How to implement spectral normalization in pytorch

xinwei_he · November 28, 2017, 2:07pm

has anyone implemented spectral normalization(Spectral Normalization for Generative Adversarial Networks | OpenReview) using pytorch. In the original paper, they propose spectral normalization on the weights of GAN, and achieve good results. The training algorithm is below:

Is there a simple way to compute spectral norm of the weights Wsn? I note that one naive way is to fetch the parameters of a module out and do further processing, or just wrap the module in a forward hooks (i doubt it is okay when doing backward propagation)? can anyone give some help?

SimonW · November 28, 2017, 7:46pm

I think the best way to implement this is to write a custom optimizer. You can start with SGD: https://github.com/pytorch/pytorch/blob/master/torch/optim/sgd.py.

xinwei_he · November 29, 2017, 1:06am

Thank you very much for your insights. However, when wrapping it in SGD, I find some problem to be solved.

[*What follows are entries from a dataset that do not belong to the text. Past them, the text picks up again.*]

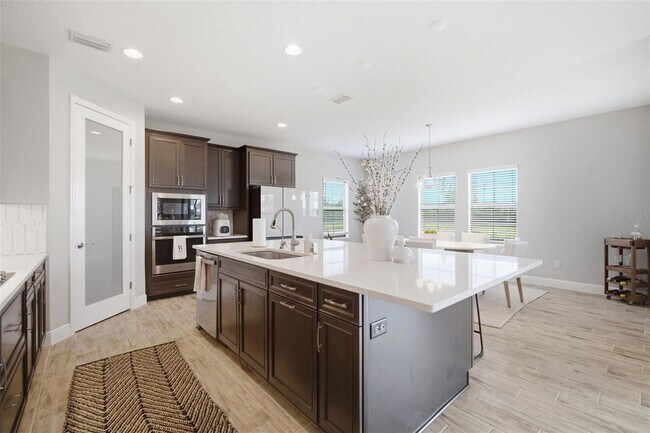 Building Photo - 6396 Roadstead Ct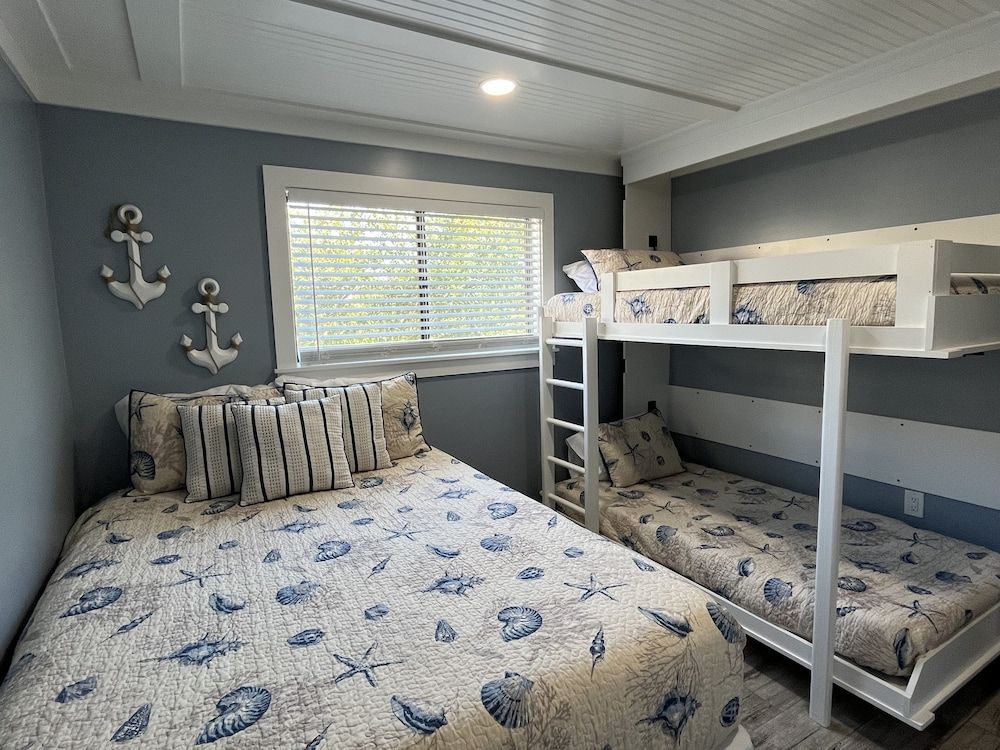 Premier Condo, 2 Bedrooms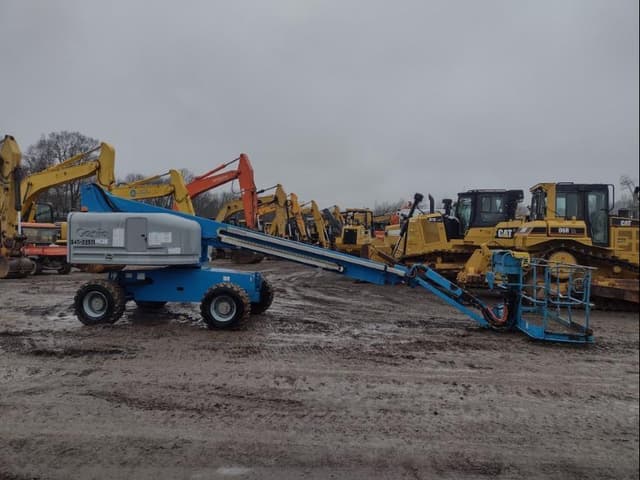 Image of Genie S-45 equipment image 2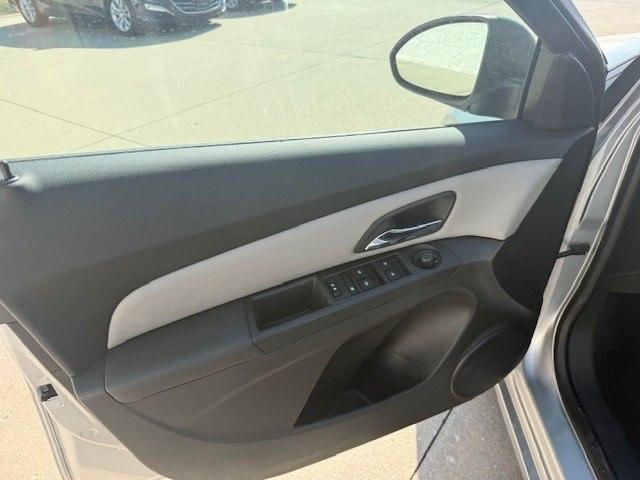 Chevrolet Cruze 4dr Sdn Auto LS 2015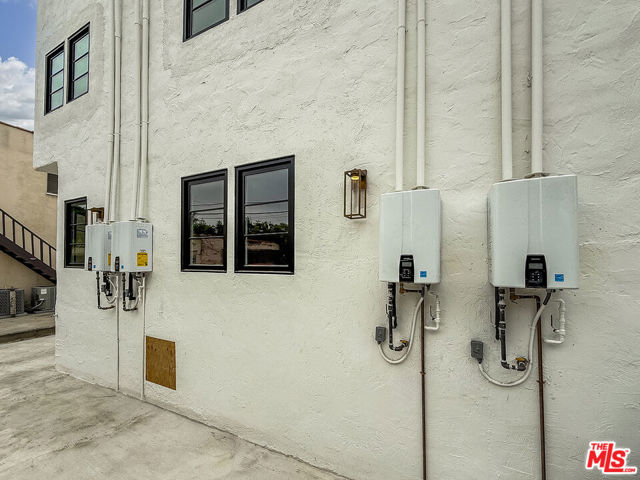 150 N Arnaz Drive, Beverly Hills CA: https://media.crmls.org/mediaz/e071c3a2-83b5-40c9-b412-65f2ed14807f.jpg
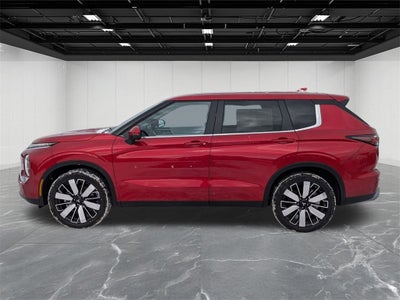 2026 Mitsubishi Outlander LE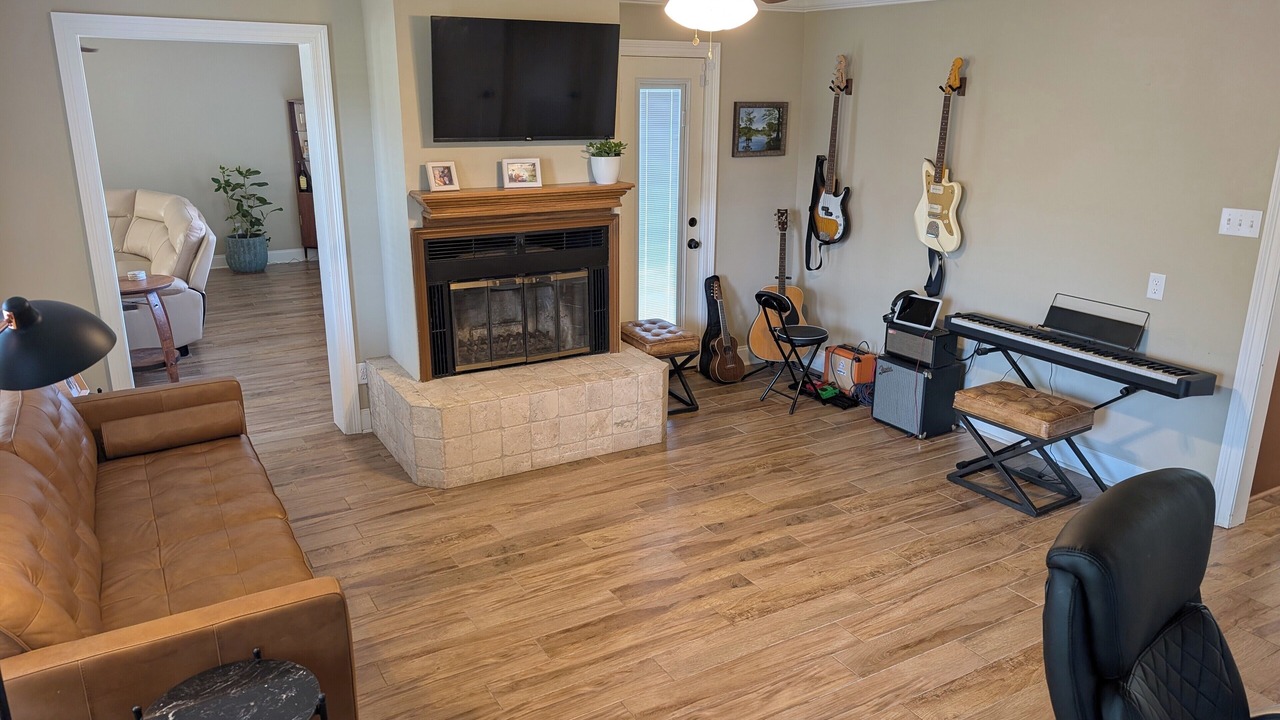 Photo of Livingroom in Freetown - Port Rico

During forward propagation, it will use W instead of Wsn to compute the output, it is problematic because from the algorithm pseudocode, it is using Wsn to compute the output. any ideas?

xinwei_he · November 29, 2017, 2:27am

maybe we could implement it like the weight norm code ?(https://gist.github.com/rtqichen/b22a9c6bfc4f36e605a7b3ac1ab4122f)

SimonW · November 29, 2017, 2:30am

I see. So the forward is supposed to use normalized weights? You can still do it as an optimizer though. Just store the unnormalized weights in optimizer state dict and in each step update the model parameters to normalized weights.

Che_Wang · December 3, 2017, 8:25am

here is its chainer code for max singular value approximation.
(https://github.com/pfnet-research/chainer-gan-lib/tree/master/common/sn)

xinwei_he · December 4, 2017, 6:56am

Thank you very much for you answer, and i have implemented one based on the chainer code.

nbansal90 · February 8, 2018, 7:14pm

Hello @Xinwei_he,

A small doubt here, Are you adding spectral Norm of the weight as an extra regularizer ? Or Are you embedding it with SGD algorithm itself?

Actually I am trying to see the effect of Spectral norm of weight as an regularizer (like l2 loss). Would your approach be useful in my case?( Since the function calculating spectral norm wouldn’t be differentiable), And when I am adding to the total loss function, I should add something is differentiable.

Thanks!